Needlepoint & Amaryllis

When I was 18, Uncle Lee gave me a car. He'd begun his auction habit, and had bought himself a Cadillac, so he gave me his 1966 Olds F-85. It had, I believe, a 429 V-8 and although it was rear-wheel drive, it was heavy enough to get through a South Bend winter! It was on its last tires, however, and after just a couple of months, everything started to go wrong with it. A window wouldn't roll up, the radiator developed a leak, and worst of all, the horn honked every time I hit a bump in the road. South Bend has a lot of bumpy roads and railroad tracks. It was terrible driving a car that honked at will, and suffering dirty looks from drivers around me. "What!? What's your problem, lady?" Still... it 's the only car anyone ever gave me.

We thought Uncle Lee (at right in the family photo) was a cool, swingin' bachelor guy because he lived in an apartment with a pool, and had Playboy magazines. But really, he was a handsome, spoiled Peter Pan, who'd perfected the art of getting women to do everything for him (starting with his mother), without offering much of anything in return. When he began dating a young widow, my grandmother (Uncle Lee's sister-in-law, back row in black), pulled her aside and said, "He'll never marry you." The young lady, we'll call her Sally, heeded Grandma Sophie's advice: she moved away, and married a nice guy. Fifty years later, widowed for a second time, Sally returned and immediately took up with Uncle Lee again. She still believed he was the love of her life, and he was still content to have a beautiful woman doting on him.

Uncle Lee was in his mid 80s when I moved back here, and I thought he was a study in contrasts. On one hand, family meant everything to him and he adored his two nieces (my mother and aunt) and their children: seven great-nieces and nephews.
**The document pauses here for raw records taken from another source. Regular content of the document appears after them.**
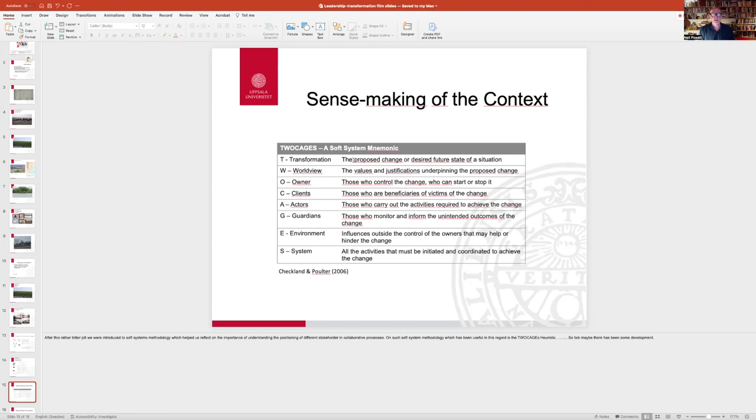And finally, think about the system. System being all those activities that must be initiated and coordinated to actually achieve the change.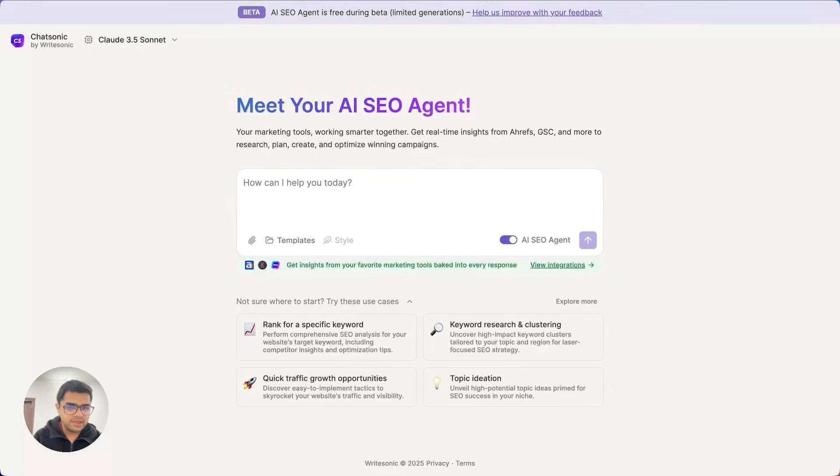This is available right now in beta on Ritesonic.com. So do give it a try and let us know what you think and what we should build out next.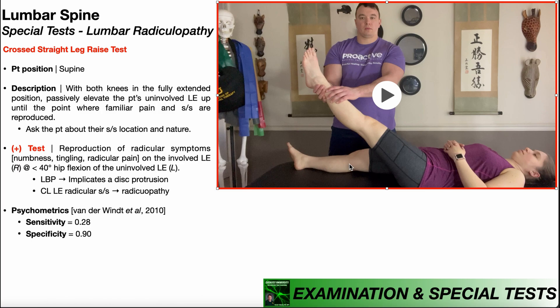That is normally going to occur at 40 degrees or less of hip flexion on the uninvolved side. Usually with a crossed straight leg raise test, you're not going to take the uninvolved side up to 60 degrees — normally it reproduces symptoms at 40 degrees or less. Now, if the patient reports simple isolated low back pain with no radicular symptoms, that more implicates a simple disc protrusion, and it would be more of a central disc protrusion. A central disc protrusion is normally not going to compress a nerve root because the nerve roots are off to the side — you would need a posterolateral disc protrusion to compress them. So if there are no radicular symptoms, it's probably a disc protrusion and it's more central.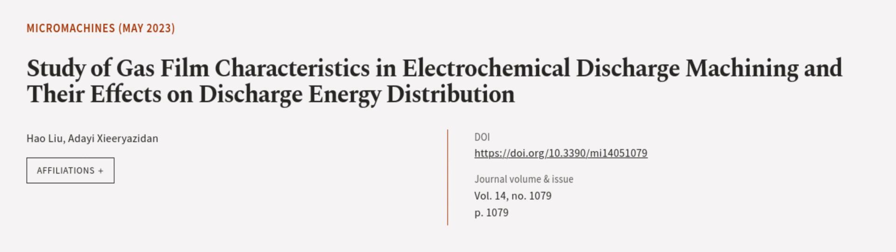This article was authored by Hau Lu and Adai Zyri Azadin. We are article.tv, links in the description below.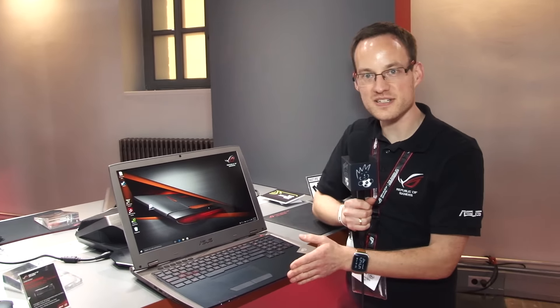Hi, I'm Daniel from Asus here at the IFA in Germany, Berlin. What we have here is our latest gaming notebook,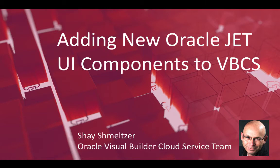Hi, my name is Shari Schmalzer from the Oracle Visual Builder Cloud Service team, and in this short demonstration we're going to show you how to add new Oracle Jet UI components to Oracle Visual Builder Cloud Service.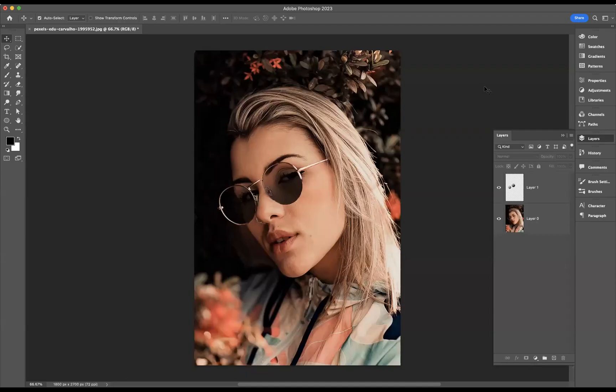Hello there guys, welcome back to a short online tutorial. Today we're in Adobe Photoshop. It's your good friend Jack from Blue Sky Graphics back again to show you some cool stuff. What I'd like to do today is show you how to easily convert glasses into sunglasses. Trust me when I say it's very easy to do.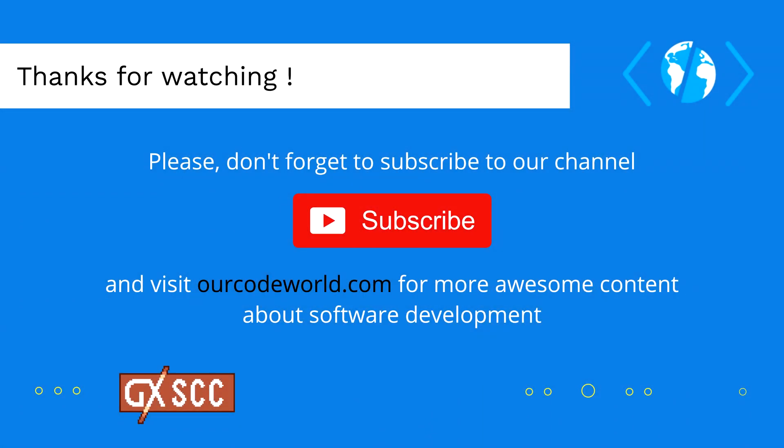Thank you so much for watching this video. Please don't forget to subscribe to our channel and visit ourcodeworld.com for more awesome content about software development. Until next time!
On the other hand, he was as much of a lone wolf as ever, and even when presented with a second chance to marry Sally, he chose to stay alone. On the one hand, he was still the swingin' bachelor guy, a man's man; on the other hand, he had no insecurities about his love of beauty in all forms. He loved to grow an Amaryllis or two every year, and to give them as gifts. And, in his 70s, he'd taken up needlepointing, and stitched with an amazing zeal. He stitched a score of Marc Chagall's windows, donating a dozen to his synagogue and the rest to family. He sewed dozens and dozens of beautiful pictures, and all of us will treasure them for years and years. For a guy who never had children (yeah, yeah, "that he knew of!"), it's really a nice legacy.

Uncle Lee lived to 92 and Sally was by his side up to the end. I had the unhappy task of helping with the Last Clean-Up and seeing first-hand the results of his failing eyesight, and his many years of auction-hunting.
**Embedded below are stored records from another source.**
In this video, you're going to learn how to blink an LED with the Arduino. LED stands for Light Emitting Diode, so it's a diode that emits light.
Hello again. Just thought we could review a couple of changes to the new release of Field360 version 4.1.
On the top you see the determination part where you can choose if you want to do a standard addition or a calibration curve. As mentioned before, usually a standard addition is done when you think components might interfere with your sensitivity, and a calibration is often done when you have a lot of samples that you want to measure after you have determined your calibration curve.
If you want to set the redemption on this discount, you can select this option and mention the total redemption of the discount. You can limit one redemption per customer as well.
Every year, I grow an Amaryllis or two in his honor. I wasn't going to bother last year, but Mom bought me a bulb and, well, all you have to do is stick the thing in a pot and water it now and then. Sure enough, after a few weeks, you get a 3' tall green ...phallic symbol. And a week or so later, it bursts into a bloom! Four flowers, actually. This bi-colored beauty was nine inches across. Sis commented, "That thing is so top-heavy, I can't believe it doesn't tip over!" And the day after I took these pictures, that's exactly what it did.
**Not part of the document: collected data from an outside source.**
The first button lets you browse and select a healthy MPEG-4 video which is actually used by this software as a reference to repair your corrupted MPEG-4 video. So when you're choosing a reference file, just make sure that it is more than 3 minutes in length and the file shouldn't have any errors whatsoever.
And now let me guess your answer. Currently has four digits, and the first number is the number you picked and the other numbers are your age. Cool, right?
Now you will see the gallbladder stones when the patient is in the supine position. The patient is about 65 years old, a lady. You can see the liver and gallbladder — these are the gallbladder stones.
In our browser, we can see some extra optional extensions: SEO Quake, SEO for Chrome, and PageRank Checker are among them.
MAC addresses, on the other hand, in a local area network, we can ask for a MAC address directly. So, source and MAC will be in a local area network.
Now that I think of it, I suppose being beautiful, fleeting and unreliable is also an apt metaphor for Uncle Lee.

3 comments:

batya3 said...

Your blog is the first site I check every day. Thank you for this and for all the many gifts your writing brings. A book would be so right!

La Cootina said...

What a nice compliment! A sunny spot in what appears to be a gray, rainy day. Thanks, Batya.

Anonymous said...
This comment has been removed by a blog administrator.